Every time an external function is invoked, the compiler performs an access control check to determine if the destination file allows access from the caller. The access control pragma specifies domain and path attributes against which the access control checks are performed. If a file has a domain or path attribute, the referring file's URL must match the values of the attributes. Matching is done as follows:
The access domain is suffix-matched against the domain-name portion of the referring URL.
The access path is prefix-matched against the path-name portion of the referring URL.
Domain and path attributes follow the URL capitalization rules.
Domain suffix matching is done using the entire element of each sub-domain, and must match each element exactly. For example, www.wapforum.org matches wapforum.org but not forum.org.
Path prefix matching is done using entire path elements and must match each element exactly. For example, /X/Y matches /X, but not /XZ.
The domain attribute defaults to the current file's domain. The path attribute defaults to the value " / ".

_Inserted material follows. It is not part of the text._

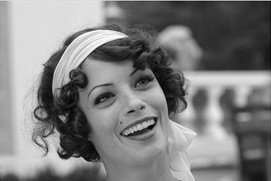 Une scène du film The Artist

To simplify the development of applications that may not know the absolute path to the current file, the path attribute accepts relative URLs. The user agent converts the relative path to an absolute path and then performs prefix matching against the path attribute. For example, if the access-control attributes for a file are
use access domain "wapforum.org" path "/finance";
the following referring URLs would be allowed to call the external functions specified in this file.
http://wapforum.org/finance/money.cgi
https://www.wapforum.org/finance/markets.cgi
http://www.wapforum.org/finance/demos/packages.cgi?x+123&y+456
The following URLs would not be allowed to call the external function.
http://www.test.net/finance
http://www.wapforum.org/internal/foo.wml
By default, access control is disabled.
Meta-pragmas specify a file's property name and content; Meta-pragmas can also specify a file's scheme, which specify a form or structure that may be used to interpret the property value--the values vary depending on the type of meta-data. The attribute values are string literals.
Meta-pragmas do not define any properties, nor do they define how user agents must interpret meta-data. User agents are not required to act on the meta-data.
Meta-pragmas can have the following attributes:
Specifies meta-information used by the origin servers.
use meta name "Created" "18-June-1999";
The user agent should ignore any meta data named with this attribute. Network servers should not emit WMLScript 1.1 content containing name meta-pragmas.
Specifies meta-information that indicates that the property should be interpreted as an HTTP header.
use meta http equiv "Keywords" "Script, Language";
Meta-data named with this attribute should be converted to a wireless session protocol (WSP) or HTTP response header if the file is compiled before it arrives at the user agent.
Specifies meta-information intended to be used by the user agents.
use meta user agent "Type" "Test";
This meta-data must be delivered to the user agent and must not be removed by any network intermediary.